Raven backed her Warrior out into the street. Her grin had faded. Watching a ’Mech die so ingloriously was never something to laugh at. It reminded any MechWarrior that battle was a lot more than glory or even survival. She checked to be sure her commline was still open.
“Count one Hermes II down and out,” she said softly, in warning. “Be wary of his buddies.”
Movement caught her eye then. Through her viewscreen. A dark shadow raced along the western edge of the parking garage, heading for the nearby intersection. The shadow moved low to the ground and in starts. From shrub to lamppost to parked vehicle. Good standard infantry tactics, Raven thought, recognizing the drill from her own days in the Hiritsu conventional forces. She selected her medium laser, the smallest thing she had for what Mech Warriors referred to as “crowd control.”
The dark-clothed figure darted to another parked vehicle, moving away from Raven and toward the intersection. Probably trying to regroup with friends, and doesn’t think I’ll notice him. Raven floated the golden targeting reticule over the car behind which the figure was hiding. She was easing into the shot when the figure fled cover and crossed the street.
There were several ways to cross open ground in the middle of combat conditions, none of them good. Usually, it was just get across as fast as you can. But some were acceptable, providing you had some friendly fire support. And that the fire support could tell you from the enemy. House Hiritsu had solved that problem by some simple choreographing of open ground
movement. There was a standard way you approached a hostile building, or covered a retreat, or moved while under fire.

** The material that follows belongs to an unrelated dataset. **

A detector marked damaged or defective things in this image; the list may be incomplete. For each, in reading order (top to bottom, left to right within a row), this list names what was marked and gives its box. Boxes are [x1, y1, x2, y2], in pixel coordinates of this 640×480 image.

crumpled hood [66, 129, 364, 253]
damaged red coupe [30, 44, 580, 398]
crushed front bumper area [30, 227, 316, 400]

There were even several hand signals, so infantry could communicate with the MechWarriors without having to rely on comm systems.
There was also a set procedure for crossing neutral ground in front of one of your own BattleMechs. House infantrymen were to cross crouched over keeping their weapon hand tucked in—to show they were no threat—and the other hand held about knee level and parallel to the ground. That was the “crossing clear” signal.
And a very surprised Raven Clearwater was watching the dark figure do exactly that.
18
Tarrahause
Tarrahause District, Kaifeng
Sarna Supremacy, Chaos March
23 July 3058
Aris slipped over the low concrete wall and crouched down next to some shrubs growing around the perimeter of the parking garage. The leaves were aromatic, like the eucalyptus trees common to Randar, burning his throat and making his eyes water. He moved over to a car parked along the street and paused there, his back against the rear tire, to catch his breath.
The Hermes II’s flames had passed over him for the most part, shielded from the worst of it by the vehicle he’d been hiding behind. Singed hair was the only damage to speak of. Aris collected his remaining two molotov cocktails, and quickly made his way to the parking garage’s ground level. He’d lost his footing on the ramp when the Hermes pilot slammed his ’Mech into the garage, trying to burrow through. One bottle had slipped from his grasp, shattering against the concrete ramp and splashing a bit of the homemade napalm against his right pants leg. Once on the ground level, it had been a short run to the west-side concrete wall.